Sheep sorrel also may be substituted for rhubarb in pie recipes. All you have to do is cook the sorrel leaves, combine them with the remaining recipe ingredients, and pour the resulting mixture into a pie shell. Then top with a layer of crust, pop the whole thing into the oven, and bake according to the recipe's directions.
Another sheep sorrel dish—puree—goes back many years. The dateless instructions I use say to  boil three pounds (quite a sackful!) of the leaves until tender,  drain them,  press the cooked foliage through a sieve (if you have a blender, simply whiz the leaves-with a little water, if necessary-until they're smooth),  pour the pureed greens into a saucepan containing two tablespoons of butter, and  simmer—while stirring—for 10 minutes. Finally, add more butter-or milk or cream—as desired, and salt and pepper to taste.
This fragile plant—held by some to be a descendant of the original shamrock—grows in shady areas alongside houses and fences, and can be recognized by its familiar triple-lobed, clover-shaped leaves. (Unlike clover, however, the lobes of wood sorrel's leaves are heart-shaped.) Most of the dozen species of Oxalis known as "wood sorrel" bear yellow flowers (see photo), while some have white blossoms and others have violet- or pink-petaled blooms.
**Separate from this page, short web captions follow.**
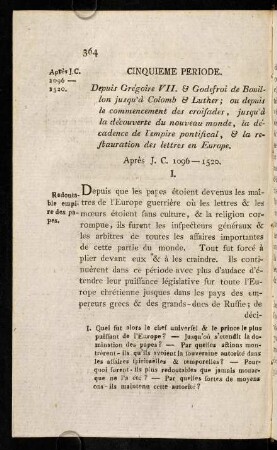 364-375, I. - VIII.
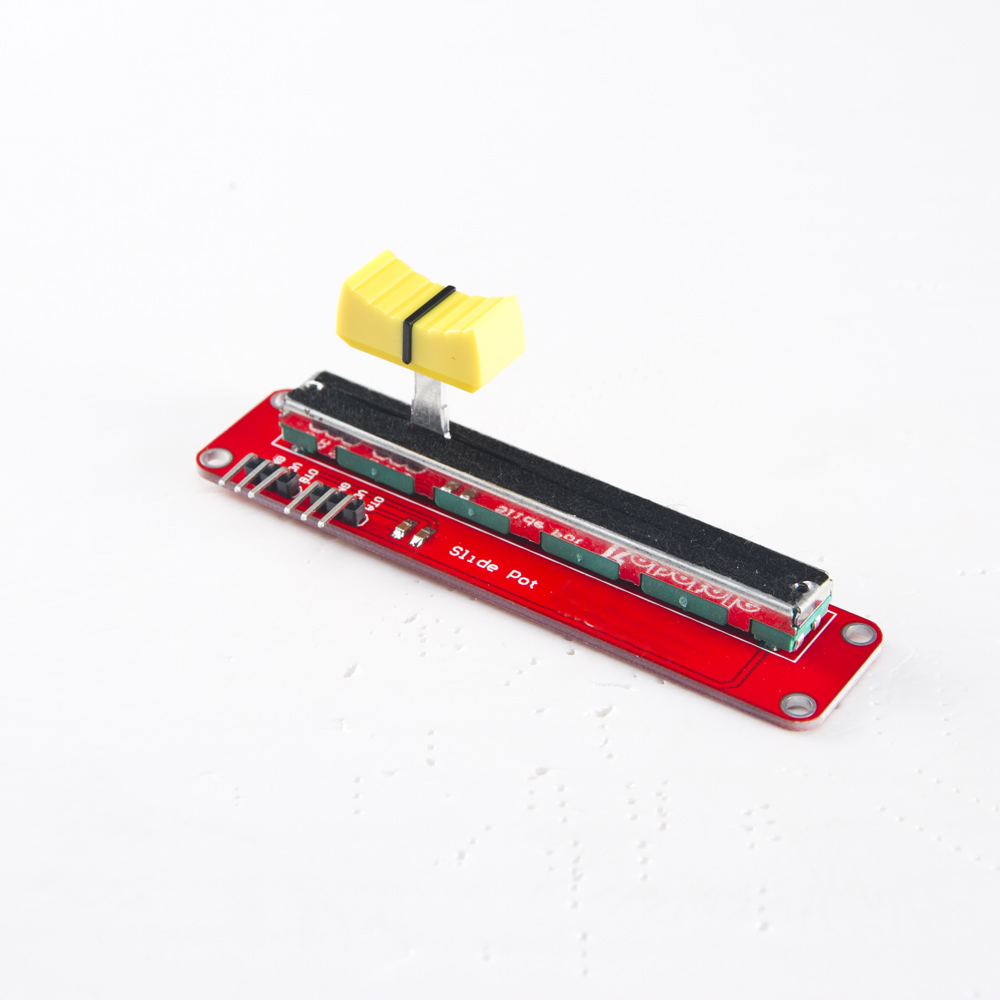 Slide Potentiometer Module for Arduino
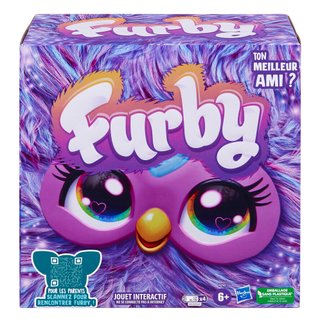Furby Púrpura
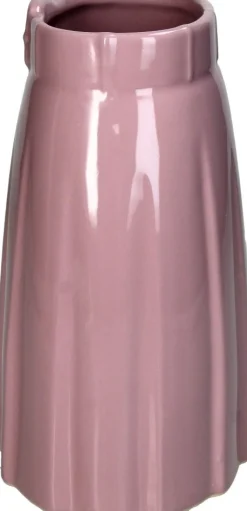 Vaas Fashion Show roze D 13 H 22 cm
Regardless of the species, the pointed seedpods of wood sorrel are always good for a refreshing, lemony nibble on a hot summer day.
Wood sorrel (as you might expect from the name "sorrel", meaning "sour") is similar in taste to sheep sorrel . . . thus, you can replace one plant with the other in many recipes. However, because the wood sorrel's stem can be stiff and hard to chew—even after cooking—you'd be well advised to harvest only the leaves from Oxalis species.
You'll find that raw wood sorrel leaves add a delightful flavor to sandwiches, and that the shamrock-like foliage makes a decorative and tasty garnish.
You can use any of the plants described in this article—alone or mixed—as soup greens or the base for a puree. And it's no chore to store the wild edibles for year-round use: All you have to do is  blanch the greens by placing them in a small amount of boiling water for two minutes,  cool the foliage quickly in pre-chilled water, and  pack the victuals into airtight containers before  putting them in the freezer.
Give lamb's-quarters or redroot or purslane or curled dock or either of the sorrels described here a try. (Add an extra measure of nutrition to your meals and watch your grocery bill go down at the same time!) I think you'll find that it makes good sense to stop thinking of garden weeds as ornery pests and begin accepting them for what they (in many cases) really are: no-work, natural, free-for-the-pickin' food.
 DON'T ever put a plant to your lips or tongue until you've positively identified—and determined the edibility of—the weed in question with the aid of a guidebook or an experienced forager. When in doubt, take the plant to your county agricultural agent for identification.
 DON'T depend on general rules of thumb (regarding color, shape, milky sap, etc.) to determine a plant's edibility or non-edibility.
 DON'T pick wild food from areas that might have been sprayed with herbicides, pesticides, or chemicals not meant for use on edible vegetables. (Hint: Wash whatever you eat before you eat it.) .
 DON'T forage too close to roadways, where lead from auto exhausts may have contaminated the soil to a dangerous extent. Consider a 25-foot separation between plant and highway to be a bare minimum, and try—if possible—for 50 to 100 feet of separation. (Similarly, don't forage in areas which are likely to contain pollution . . . such as near factories, chemical dumping grounds, or effluent-tainted waterways.)
 Finally, DON'T let the above warnings frighten you out of experimenting with wild foods. Instead, remember that if you [A] gather your foliage in a safe place and [B] positively identify your plants, there's nothing to fear. Become a weed stalker and you'll soon understand more about the natural world than just which plants are edible. What better way is there to become acquainted with Mother Nature, than to eat from her hand?